Story #3186
closedStory #3209: As a user, I have Repository Versions
Rewrite tasking system labels for versioned repositories
100%
Description
Motivation¶
Versioned repositories will have significant impact on the locking system. Due to the bookkeeping approach, anytime you modify content or a RepositoryVersion, you need to serialize those operations with other content manipulations on that repo.
Also, the decision to not associate an importer directly with a repo means that we need to lock differently when updating importer settings.
Finally, publication manipulation also needs to lock on repository versions.
Design¶
The existing tasking system prevents two tasks from running at the same time that have the same lock label. For correctness, I think we will need to introduce multi-resource locking, which is the ability to have one task require lock N resources. This is easily added to the tasking system. The resource locked and in what situation are listed here:
- an update/delete importer task locks on the importer instance
- an update/delete publisher task locks on the publisher instance
- a sync task locks on the importer instance
- a sync task locks on the repository
- a publish task locks on the publisher instance
- a publish task locks on the repository
- a delete versioned repo task locks on the repository
A three task example¶
Say a user updates an importer with a PUT to /api/v3/importers/file-importer/55. That would cause the update task to lock on just that importer ["/api/v3/importers/file-importer/55"]

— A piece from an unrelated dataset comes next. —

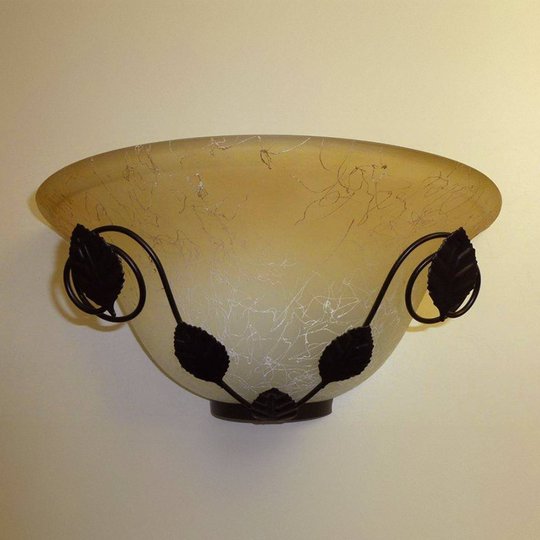 Brun vägglampa Provence med blommig dekor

Then a user will POST to /api/v3/repository/foo/repo_version/ with {"importer": "/api/v3/importers/file-importer/55"}
That task would multi-lock on the importer, the repo version, and the repository : ["/api/v3/importers/file-importer/55", "/api/v3/repository/foo/repo_version/72", "/api/v3/repository/foo/"] <---- Note that the viewset has to create the RepoVersion so it can know the detail view to lock on
Then a user will DELETE /api/v3/repository/foo/repo_version/72 which will cause a lock of the repo version and the repository itself ["/api/v3/repository/foo/repo_version/72", "/api/v3/repository/foo/"] to be used.
Example Run Order¶
Even on a Pulp system with 3+ workers, the above 3 tasks will be executed fully serially because each one requires a resource locked by the one previous.

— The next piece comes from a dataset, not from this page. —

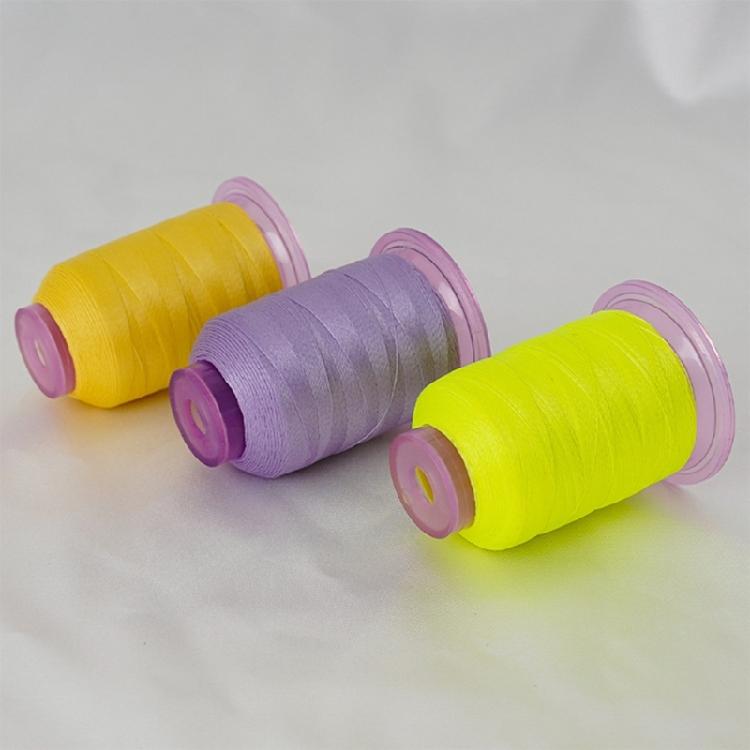 2Pcs Color Changing Sewing Thread for Sewing Machine Hand Stitching Night Glowing Yarn Embroidery Thread 550yds Each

Updated by jortel@redhat.com about 7 years ago
Thanks for the proposal, Brian!
Can you elaborate on the actual design? Specific changes to the tasking system?

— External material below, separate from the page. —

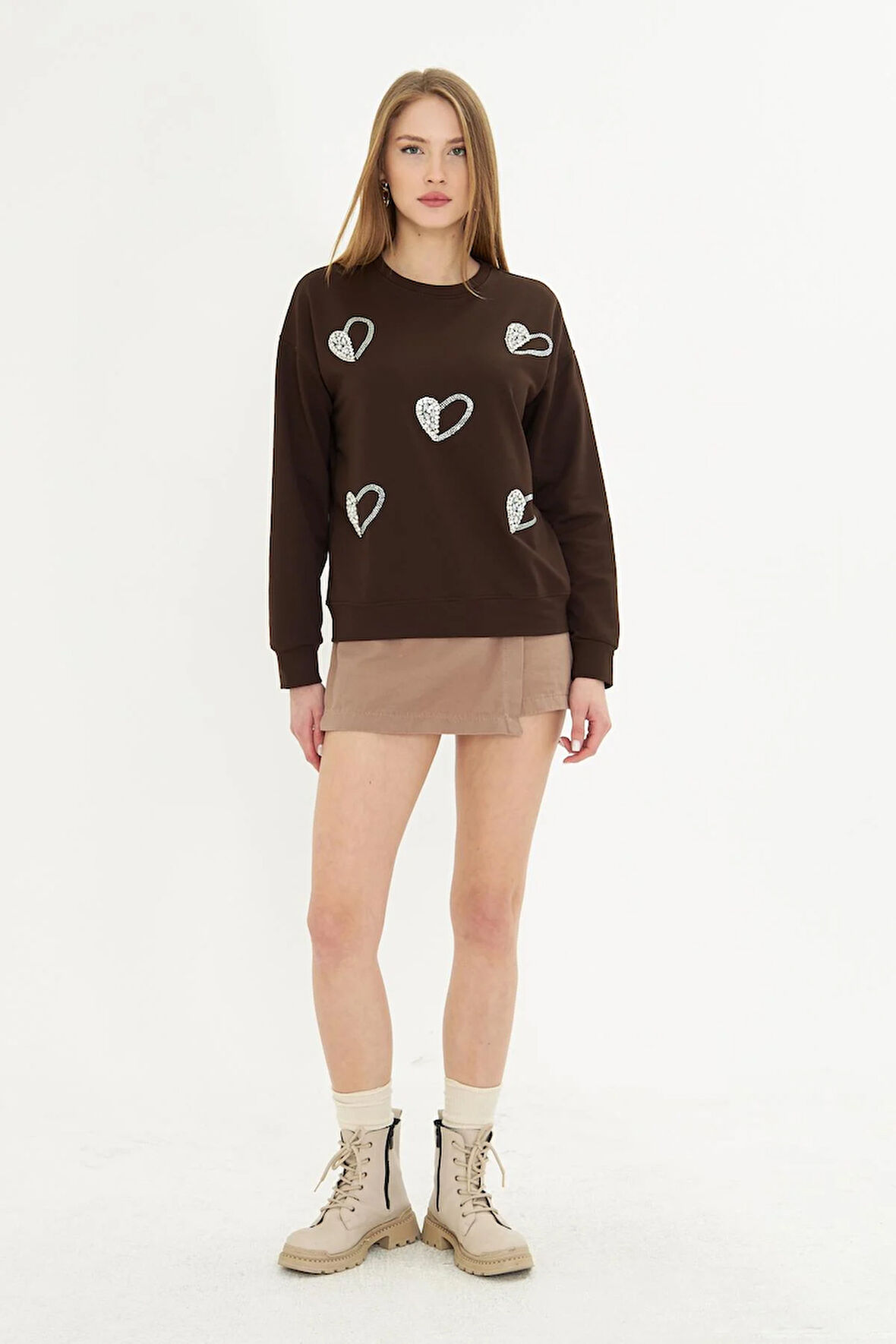 Kalpli Taş Baskılı Sweatshirt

In classic locking cases (not sure how task locking works) acquiring locks in random order can result in deadlock. There are several ways to prevent/resolve deadlock. The most common (and simplest) is to acquire locks in a pre-determined order.
Can you explain how the proposed design address deadlock?
Updated by bmbouter about 7 years ago
The deadlocking is something we need to be sure of. I believe this will be deadlock free because the lock acquisition is done by a singleton , the resource manager. So there isn't any concurrency around lock acquisition. Usually deadlock acquisition comes from locks being acquired concurrently so this should avoid it. This system does release locks concurrently though so having that happen in parallel is good, and also won't cause a deadlock.free. Deadlocking usually comes from two concurrent things locking two resources and having them
I'm going to add some checklist items to call out the work items more specifically and the design.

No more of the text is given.